本刀は、明治時代に刀剣鑑定家として活躍した「今村長賀」(いまむらながよし)が所有していた1振です。今村長賀は、刀剣界では「いまむらちょうが」の愛称で知られており、その前半生は軍人として、後半生は刀剣鑑定家として活動していました。

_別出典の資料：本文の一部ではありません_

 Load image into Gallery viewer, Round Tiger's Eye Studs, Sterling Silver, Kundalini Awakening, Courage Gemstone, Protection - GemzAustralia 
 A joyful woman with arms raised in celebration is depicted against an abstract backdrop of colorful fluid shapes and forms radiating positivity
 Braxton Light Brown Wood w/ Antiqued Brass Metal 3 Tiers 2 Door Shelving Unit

刀剣鑑定家としての活動がはじまるのは、1881年(明治14年)頃からです。宮内省(現在の宮内庁)の「御用掛」(ごようがかり:宮内省などの命を受けて用務を行う職)を拝命したあと、「靖国神社」に併設された宝物館「遊就館」(ゆうしゅうかん)で武器や甲冑(鎧兜)の整理・識別を行う「遊就館取締」(ゆうしゅうかんとりしまり)に着任。
その後、「臨時全国宝物取調鑑査掛」を任じられた際は「東京帝室博物館」(現在の東京国立博物館)や「奈良帝室博物館」(現在の奈良国立博物館)が所蔵する刀剣の鑑定を実施。このとき、今村長賀は「帝室博物館が所蔵していた刀で、今村長賀に鑑定されていない刀はない」と言われるほど、膨大な数の刀を鑑定します。

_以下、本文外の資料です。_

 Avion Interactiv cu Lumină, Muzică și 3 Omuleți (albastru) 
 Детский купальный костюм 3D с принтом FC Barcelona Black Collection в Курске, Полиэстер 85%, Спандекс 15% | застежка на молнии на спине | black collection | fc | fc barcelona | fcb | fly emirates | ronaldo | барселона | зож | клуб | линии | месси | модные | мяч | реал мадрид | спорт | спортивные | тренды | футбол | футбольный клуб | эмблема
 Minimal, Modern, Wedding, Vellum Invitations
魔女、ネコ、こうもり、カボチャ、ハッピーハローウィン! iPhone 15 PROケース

そして、今村長賀は刀を鑑定する際に一緒に「押形」(おしがた)を収集していました。押形とは、刀の姿を墨などで写し取った資料のこと。今村長賀が作成した押形は「今村押形」とも呼ばれており、今村押形はすべての刀にその特徴や、今村長賀の所見が書き残してあるのが特徴。
また、今村長賀は刀剣収集を行う愛刀家としても著名です。今村長賀自身で所有した刀の数は数1,000振以上。一説によると、今村長賀が所有していた刀の多くは、明治維新後の廃刀令によって破棄されかけていた名刀で、今村長賀は刀を1振でも多く救うために国中を行脚したと言われています。
本刀の作刀者は、室町時代中期に尾張国志賀(現在の愛知県名古屋市北区志賀町付近)で活躍した刀工「兼延」(かねのぶ)。兼延は、美濃国(みののくに:現在の岐阜県南部)の直江村(なおえむら)で作刀していた刀工一派「直江志津」(なおえしづ)の流れを汲む刀工です。
「兼延」と銘(めい:刀に施される、作刀者や所有者などの情報)を切った刀工は複数存在し、その名跡は室町時代末期まで続きました。初代の兼延は直江村で作刀を行っていたとされており、尾張国志賀へ移住したのが2代目の兼延と言われています。移住後、2代目兼延から興った一派は、活動していた地名から「志賀関」や「山田関」などと呼ばれるようになり、「尾張鍛冶」の礎を築いたのです。
本刀は、歴代兼延のなかでも最も上手と称された2代目兼延の作と推測されています。刃文は皆焼(ひたつら)、互の目丁子(ぐのめちょうじ)、飛焼(とびやき)、棟焼(むねやき)など様々な変化に富み、匂口(においぐち/においくち)明るく、大平造(おおひらづくり)の姿で覇気に満ち溢れた傑作刀です。